I have homegirls who are bold. They're like "If you feeling him tell him, and if he say no... that cool...just move on"... These joints must be on crack cocaine.

1- These heffas got a roster thats filled more than a pre-meds students curriculum
2-They all cute and I highly doubt they have ever been turned down

I have ever been turned down either, but thats cause I never really put myself out there. And, i don't give a fifth of a fuck if I'm about to be 27 and being petty... I am not starting now. Guess Im gonna die old and alone... but I wouldn't haven been curved. *shrugs*

Now, don't het me wrong... I know how to flirt I think, so I will drop subtle hints... but if he don't get the hint, then I take my wine Im lying, y'all know Id be drinking henny, and move on.

Scenario- My homegirls and I were in the club with me a few years back. One of them was talking to a man by the bar for 20 mins... legit 20 minutes. She is cute, but she could be a 10 if she dressed up a bit more... but whatever.

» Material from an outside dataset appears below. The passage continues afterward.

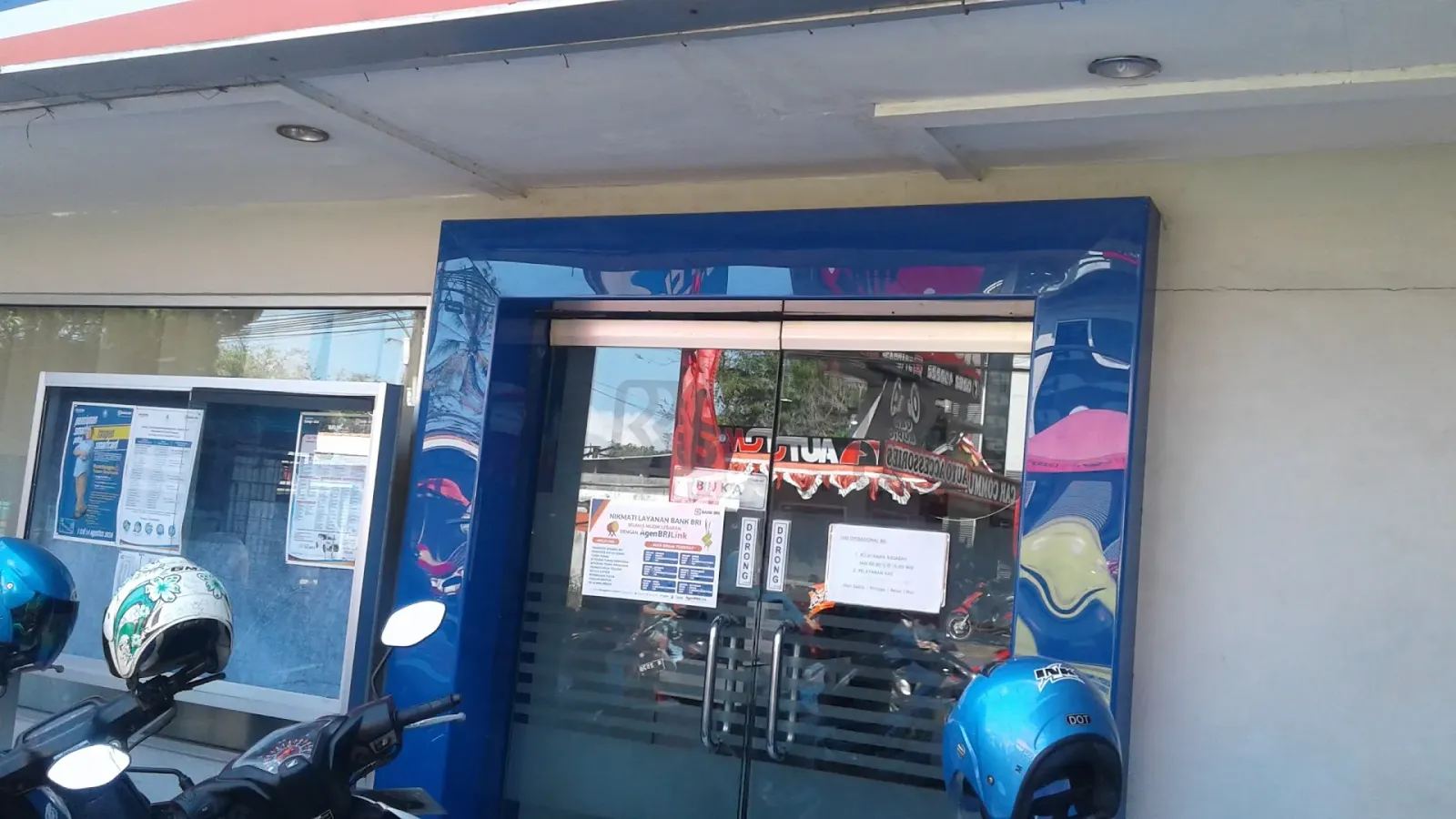 Bank BRI CRM - BRI UNIT KROYA UTARA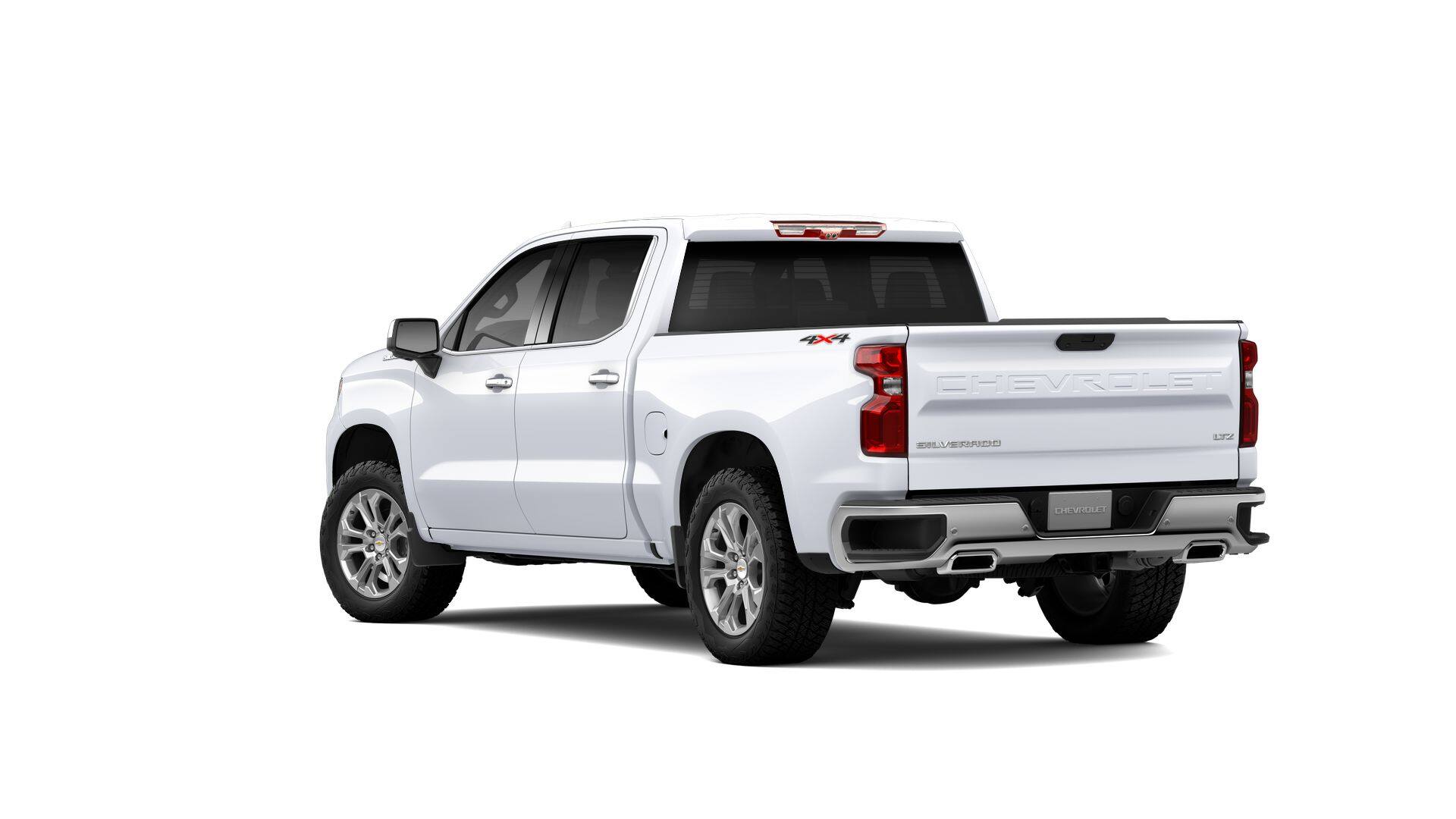 2026 Chevrolet Silverado 1500 LTZ - Photo 26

So I'm standing next to them as they talk and he ask her questions and she is giggling and flipping her hair... and she finally came out and asks "So how about you give me your number so we can continue this convo without Lil wayne blasting"... I thought that shit was smooth as hell... He made an awkward face and goes "Actually, I was just about to ask whats up with your homegirl" and points to one of our other friends...

I WAS MORTIFIED. Like, I wanted to cry for her... and you know what... she looked regular as shit. Said, oh she got a man but ill tell her you interested. Took that rejection like a G...So, here I am, cheeks all red from embarrassment, trying to pull my friend in the other direction every time we saw him in the small ass club, and laughing loud like we having the best time ever in this sweat box every time he came within ear shot. She had the nerve to ask me why I was acting weird... I was like "hoe what? you just all calm after that nigga played you like that...?" and she goes "eh, such is life"

such.is.life...

Please believe I am not about THAT life. Buy me an ass load of cats now, cause if I have to get rejected to find my future king, then I might as well name my body pillow king and marry it.

It might be petty. It might be immature. It might be pussy...but its me... Im almost 27 and its hard to teach an old dog new tricks... So ill leave the approaching to KP and Envy.